The second piece of legislation pertains to the land proclamation, presumably difficult to implement, but largely believed to promote growth by making land available to business and residential purposes. But more importantly, the legislative measure is introduced to ensure unhindered and equitable access to land and properties by women, irrespective of their marital status.
The latter reform, enshrined in the constitution of the State of Eritrea, is central to the empowerment of women for a sustainable development of the country. These legislative measures and others, including the labor laws, are introduced on the basis of non-discrimination and are primarily aimed at ensuring uniform geographic development while closing the social and economic gaps between gender, age group, social status and disabled persons.
Lately, my government, in partnership with United Nations Center for Human Settlements (HABITAT), has been able to launch a low cost housing development programme by involving the low-income community to participate in the construction of their own shelter using local materials.
For these types of programmes to expand and be sustainable, my government is attempting to create conducive environment that will promote the active participation of the private sector and all other stakeholders, especially the resident participation approach, which can be instrumental for combating and alleviating poverty.
To narrow the gap of access to social services between rural and urban centers, my government has been actively engaged in the construction of physical and social infrastructures even in the remotest areas of the country.

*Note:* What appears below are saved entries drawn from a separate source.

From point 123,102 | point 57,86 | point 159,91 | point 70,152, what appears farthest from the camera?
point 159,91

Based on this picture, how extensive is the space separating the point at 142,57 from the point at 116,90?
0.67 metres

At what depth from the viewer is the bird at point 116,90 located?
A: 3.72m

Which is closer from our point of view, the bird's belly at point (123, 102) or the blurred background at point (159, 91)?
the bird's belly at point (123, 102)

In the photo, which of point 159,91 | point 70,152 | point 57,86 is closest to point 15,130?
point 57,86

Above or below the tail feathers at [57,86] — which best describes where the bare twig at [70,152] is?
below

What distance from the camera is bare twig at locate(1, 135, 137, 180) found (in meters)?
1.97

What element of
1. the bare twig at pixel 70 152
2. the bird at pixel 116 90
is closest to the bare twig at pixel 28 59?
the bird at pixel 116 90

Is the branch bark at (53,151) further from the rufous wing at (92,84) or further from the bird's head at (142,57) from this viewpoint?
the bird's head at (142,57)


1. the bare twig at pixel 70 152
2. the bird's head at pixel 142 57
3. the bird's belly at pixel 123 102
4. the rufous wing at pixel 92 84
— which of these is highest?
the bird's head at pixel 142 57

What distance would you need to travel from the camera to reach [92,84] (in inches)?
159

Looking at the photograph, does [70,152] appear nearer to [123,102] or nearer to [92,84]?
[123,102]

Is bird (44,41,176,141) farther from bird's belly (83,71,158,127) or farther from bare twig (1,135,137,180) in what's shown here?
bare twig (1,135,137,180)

This modest but important step towards responding adequately to the housing needs and other social services is taking place against the backdrop of the legacies of occupation, conflict and invasion that have adversely impacted the development of the country. The border conflict between my country and Ethiopia, in the past three years, that affected about 1.6 million people has created different categories of victims: the internally displaced people (IDPs), voluntary refugee returnees and expellees with each group demanding specific response to its needs.

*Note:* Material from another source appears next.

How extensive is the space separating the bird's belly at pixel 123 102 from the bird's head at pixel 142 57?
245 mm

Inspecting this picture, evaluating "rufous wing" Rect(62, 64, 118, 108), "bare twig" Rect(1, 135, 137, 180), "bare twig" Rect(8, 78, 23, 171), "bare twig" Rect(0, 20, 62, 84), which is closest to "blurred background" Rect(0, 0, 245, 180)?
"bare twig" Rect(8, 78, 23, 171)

Moreover, the interplay between war and drought in certain regions of the country is pushing the social safety nets and the government's resources to the limit. In this regard, my delegation is particularly grateful for the inclusion of vulnerable groups such as the IDPs and refugees in the present draft declaration, which, I believe will be adopted by this special session.
Before I conclude my brief statement, let me share with this august Assembly our experience with regard to the importance of urban governance as stated in the report of the Executive Director of Habitat, which my government fully subscribes to. The principles and goals of improved urban governance try to create close relationship between the decision making body and the executing local authority. While Eritrea has adopted decentralization as a policy and has put the administrative structures in place, the lack of strong institutional and financial bases is hampering the transfer of administrative capability to local bodies. The strengthening of institutional framework is therefore very vital for the attainment of improved urban governance. Furthermore, I wish to make some preliminary remarks about the concept of partnership with local authorities. For this concept to be successful, the participation of the private sector and NGOs, including twining of cities, should be done in full cooperation and coordination of the donor community and the central authority.
Let me seize this moment to renew my government's strong political commitment towards the full implementation of the Declaration of Istanbul + 5.